Write to a database efficiently

This article explores a heuristic for writing to databases safely and efficiently.

When AIMMS writes data to a database table, it uses structural information of the database table to determine a safe and efficient strategy for writing.

In this article we discuss:

  • An example project

  • Foreign key relations

  • Available strategies

  • Database schema design best practices

An example project description

We are maintaining orders to be delivered. Each order is identified by (the key columns):

  • A customer

  • A product

  • A delivery date

In addition, we maintain the following information:

  • For each customer, its address and name

  • For each product, its name, its color, package size (height, width, depth).

This is represented in the following database schema.

../../_images/two-to-many.png

As you can see from this schema, both a customer and a product have an Id. The table Orders refers to these Id s. In mathematics we have the following relations:

  • \(\forall {\tt CustomerId}: {\tt CustomerId} \in \{Customers.Id\}\)

    In words: For each CustomerId, it should be in the set of all Id in the table Customers.

  • \(\forall {\tt ProjectId}: {\tt ProjectId} \in \{Project.Id\}\)

    In words: For each ProjectId, it should be in the set of all Id in the table Projects.

Foreign keys relations

The relations mentioned in the previous section are examples of consistent relations in a database.

It is important that such relations between tables are maintained.

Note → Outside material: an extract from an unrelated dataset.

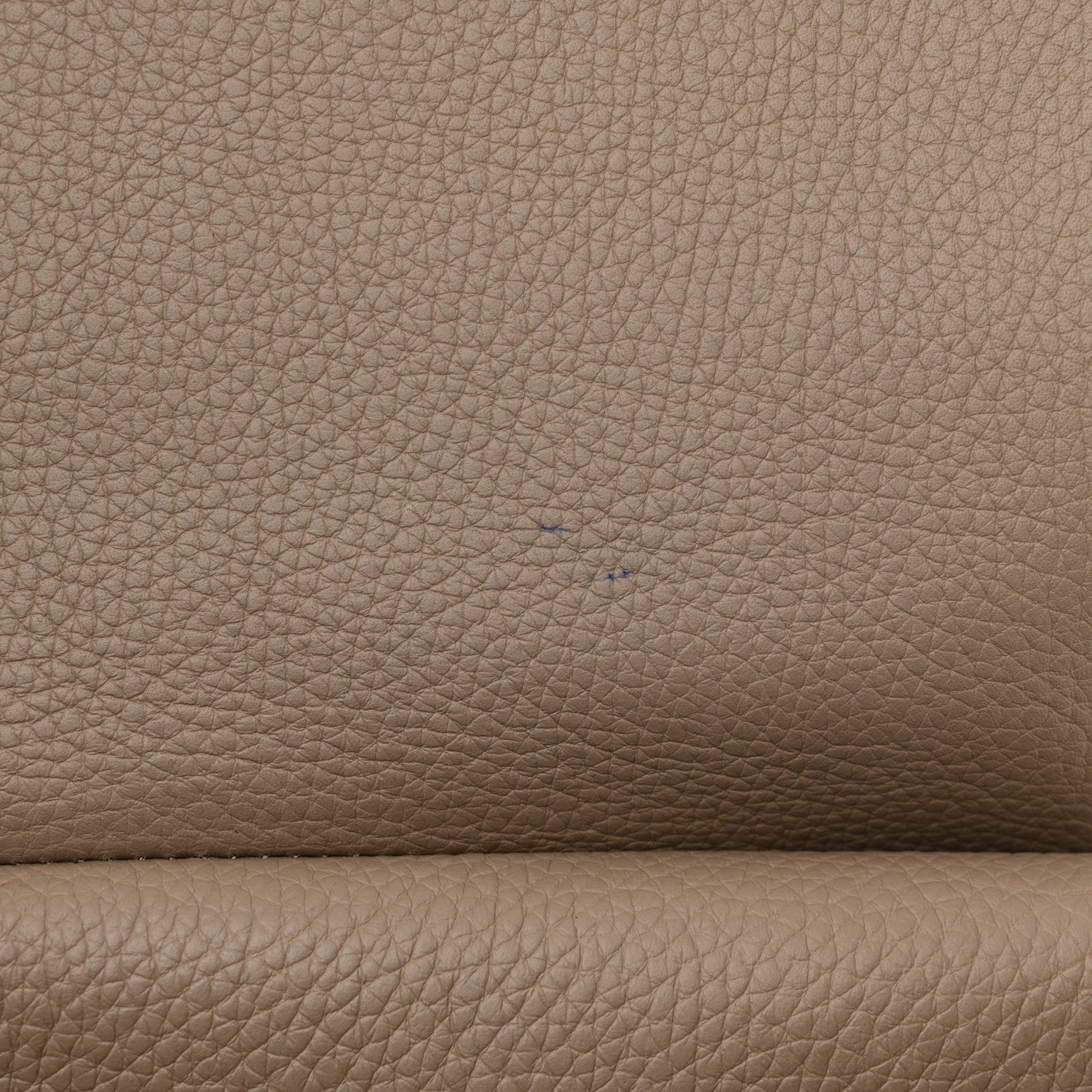 The Row Grained Calfskin Hunting Bag II Stone 12 of 16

For instance, if there is a CustomerId or a ProductId in the table Orders that is not in the table Customers or in the table Products respectively, then we will not be able to fulfill that order because we do not know where to deliver, or what to deliver!

These relations can be enforced in a database using Foreign Keys.

When such a Foreign Key relation is specified as a constraint in a database, and we insert an order without a matching Product, we will get an error message like:

Error writing to database table "db_OrdersNew": ODBC[1452] : HY000 [MySQL][ODBC 8.0(w)
Driver][mysqld-5.6.44-log]Cannot add or update a child row: a foreign key constraint fails
(`howto343b`.`orders`, CONSTRAINT `fk_order_product` FOREIGN KEY (`ProductId`)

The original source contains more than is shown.